■ WHAT YOU SHOULD DO: Print the lines of the entries below from the one with "Orange Hello 5G bannière" through the final line, exactly as they appear. The pictures are not part of the copy.

▽

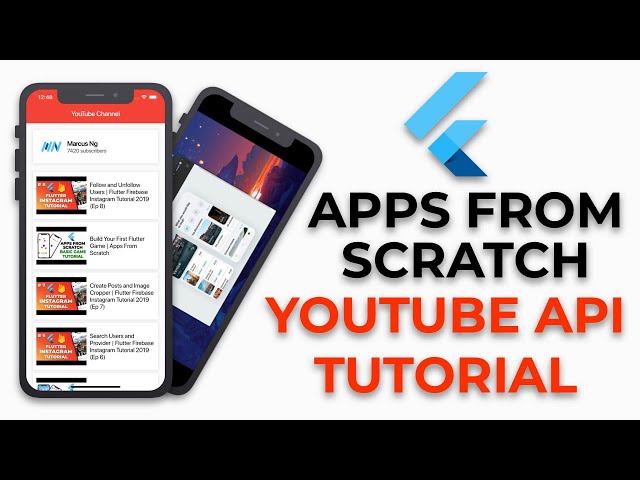 Flutter YouTube API and Video Player Tutorial | Apps From Scratch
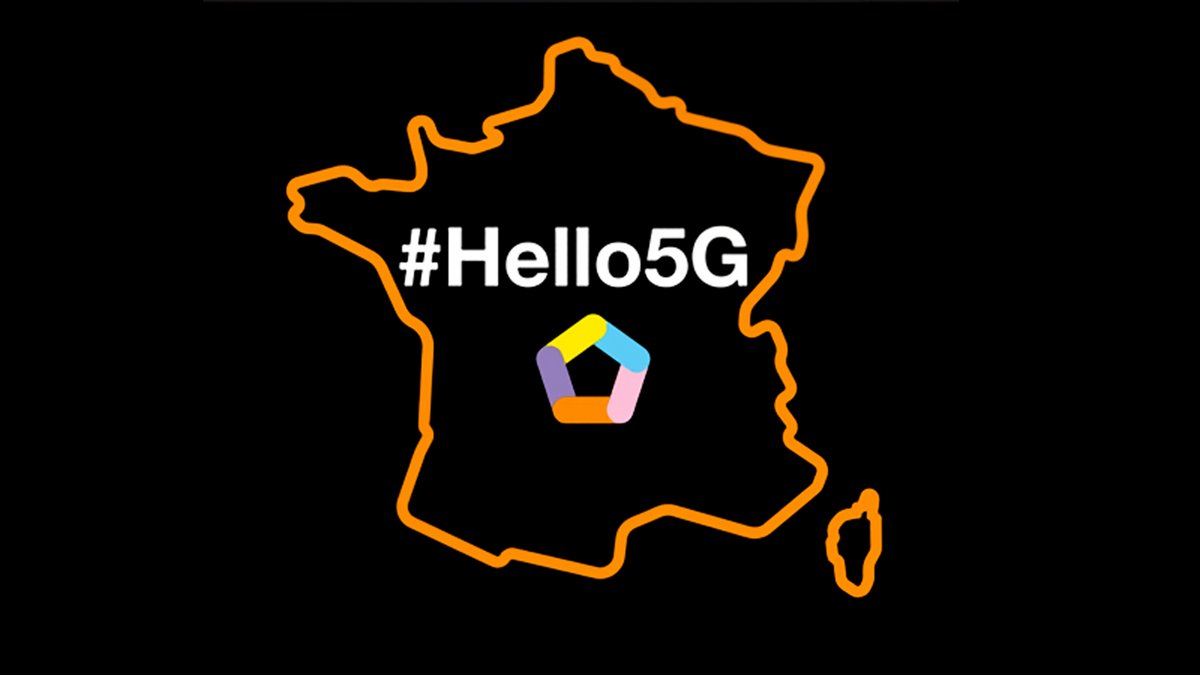 Orange Hello 5G bannière
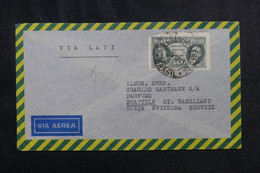 BRÉSIL - Enveloppe De Rio De Janeiro Pour La Suisse En 1941 Par Avion  " Lati " - L 72932 - Cartas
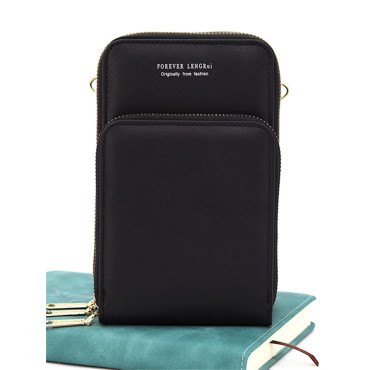 Multi Pocket Utility Mini Crossbody Phone Bag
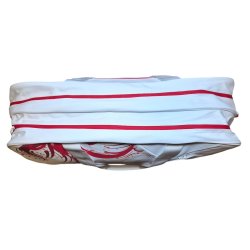 Badminton Bag - Dragon Fire White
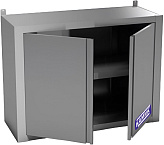 Полка настенная двери распашные КАМИК ПН-ш-4084р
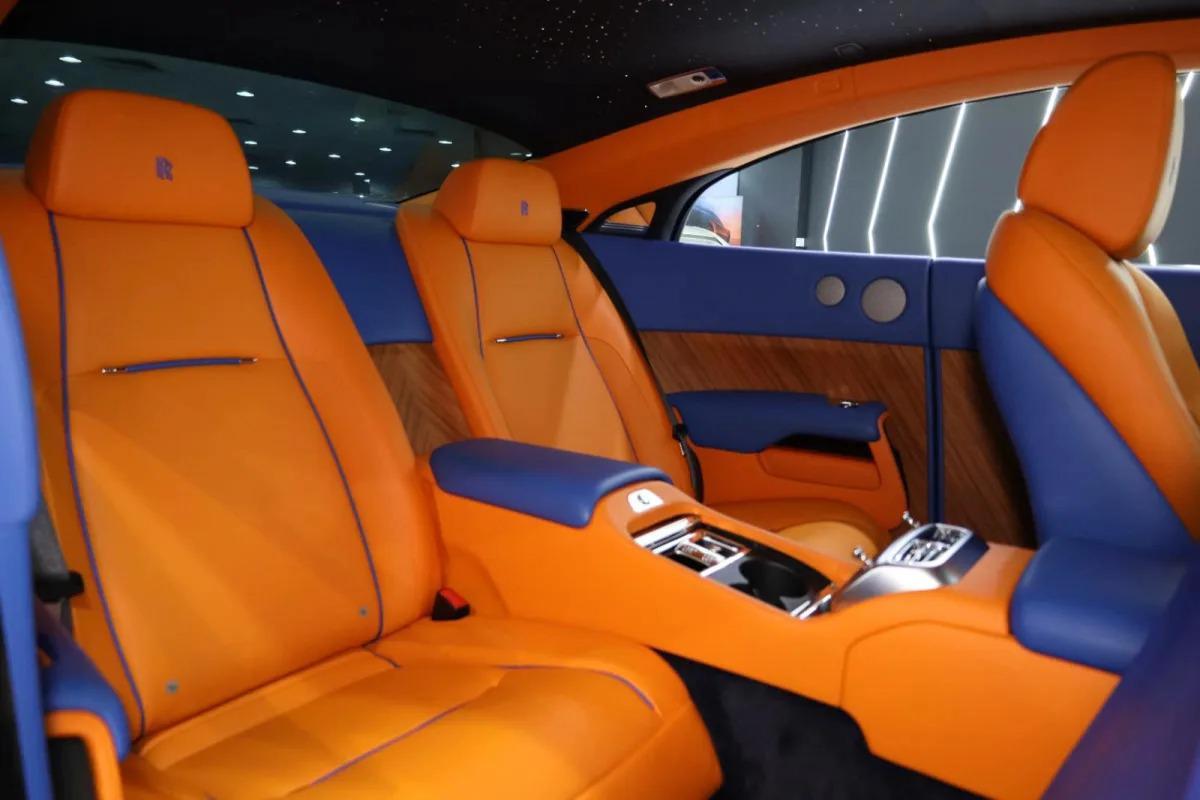 Rolls-Royce Wraith-4-4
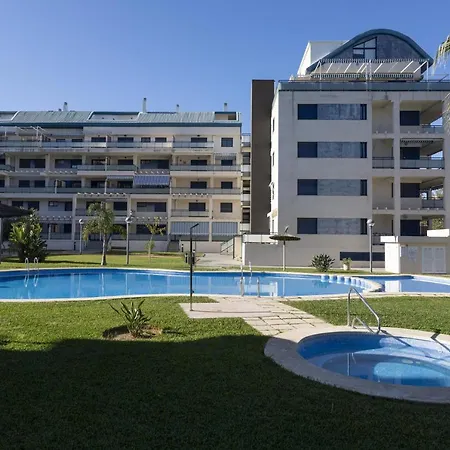 Apartment Suenos De Mar A8, 3 Dormitorios, Puerto Nautico, By Bookindenia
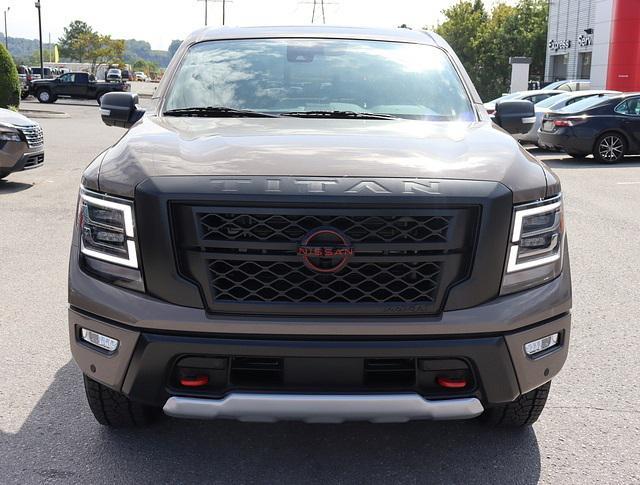 new 2024 Nissan Titan car, priced at $52,303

△

■ WRITTEN RESPONSE:
 Orange Hello 5G bannière
 BRÉSIL - Enveloppe De Rio De Janeiro Pour La Suisse En 1941 Par Avion  " Lati " - L 72932 - Cartas
 Multi Pocket Utility Mini Crossbody Phone Bag
 Badminton Bag - Dragon Fire White
 Полка настенная двери распашные КАМИК ПН-ш-4084р
 Rolls-Royce Wraith-4-4
 Apartment Suenos De Mar A8, 3 Dormitorios, Puerto Nautico, By Bookindenia
 new 2024 Nissan Titan car, priced at $52,303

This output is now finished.